Technical information
- Licensing authority: FCC
- Facility ID: 35989
- Class: C3
- ERP: 25,000 watts
- HAAT: 100 meters (330 ft)
- Transmitter coordinates: 29°38′52.00″N 90°41′34.00″W﻿ / ﻿29.6477778°N 90.6927778°W

Links
- Public license information: Public file; LMS;
- Website: K-Love

= KLXH =

K-Love radio station in Thibodaux, Louisiana

KLXH (106.3 FM) is a radio station licensed to Thibodaux, Louisiana, United States. The station is currently owned by Educational Media Foundation.

The station serves the Houma/Thibodaux metropolitan area of Southeastern Louisiana

==History==
This station was started on June 1, 1966, by the Delta Broadcasting Company as KTIB-FM, a 3,000-watt sister station to KTIB AM. The station was sold in 1973 to Joseph Costello III, owner at the time of WRNO-FM and later on WRNO worldwide who switched the callsign to KXOR and formatted the station in his years of ownership as a rock station, and lastly as a country station branded as "LA Country 106" before being sold upon his death to Guaranty Broadcasting of Baton Rouge in 1997 who promptly flipped the format to classic rock branded as "Eagle 106.3" so as not to compete with sister station KCIL . The station was sold as part of a cluster of stations in 2006 to Sunburst Media-Louisiana LLC. which updated the playlist to include newer rock than previously heard transforming the station into a Mainstream rock format. In November 2009, the radio company brought in Los Angeles radio consultant and music producer "Mighty Mike Quinn" who took over as Vice President of Programming. In late 2010 Mighty Mike Quinn's contract ended and he returned with his fiancé (Model and Radio Host) Viny Star back to Santa Monica, California.
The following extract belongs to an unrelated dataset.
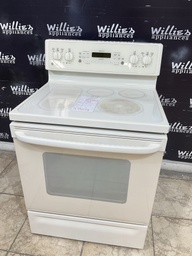 [88683] Ge Used Electric Stove 220volts (40/50 AMP) 30inches”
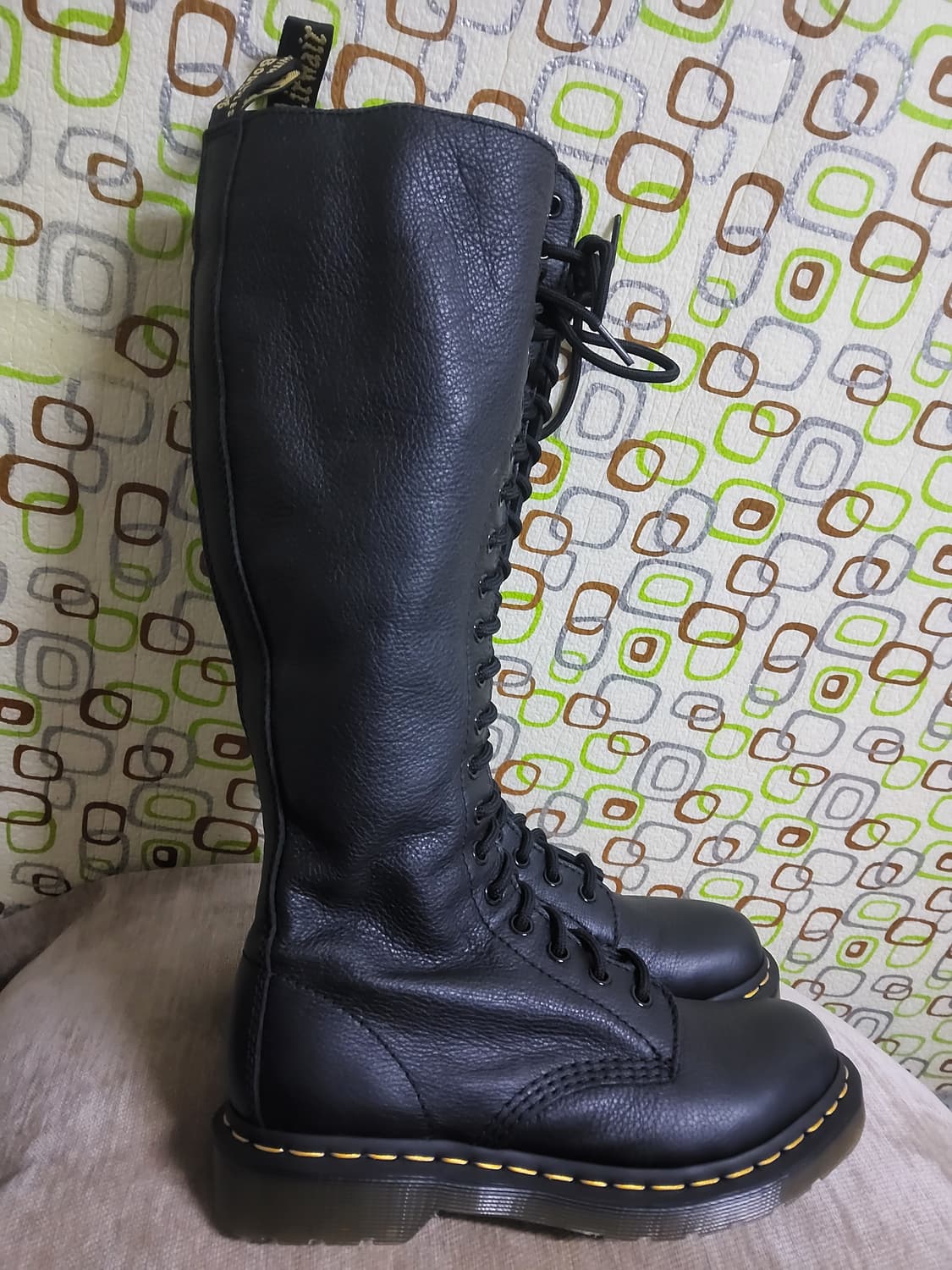 닥터마틴 20홀 1B60 모델 240사이즈  상품이미지3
On March 1, 2011 KXOR-FM changed their format to classic rock, branded as "LA 106.3 Rock Hits Radio". Effective November 11, 2015, KXOR-FM (along with co-owned KCIL and KJIN) was sold to James Anderson's My Home Team Media, LLC.

On May 26, 2017, KXOR-FM changed their call letters to KLXH, as Educational Media Foundation closed on its $525,000 purchase of KXOR-FM. The station went silent on May 31, 2017 in preparation of switching to EMF's "K-Love" contemporary Christian format; it returned in June.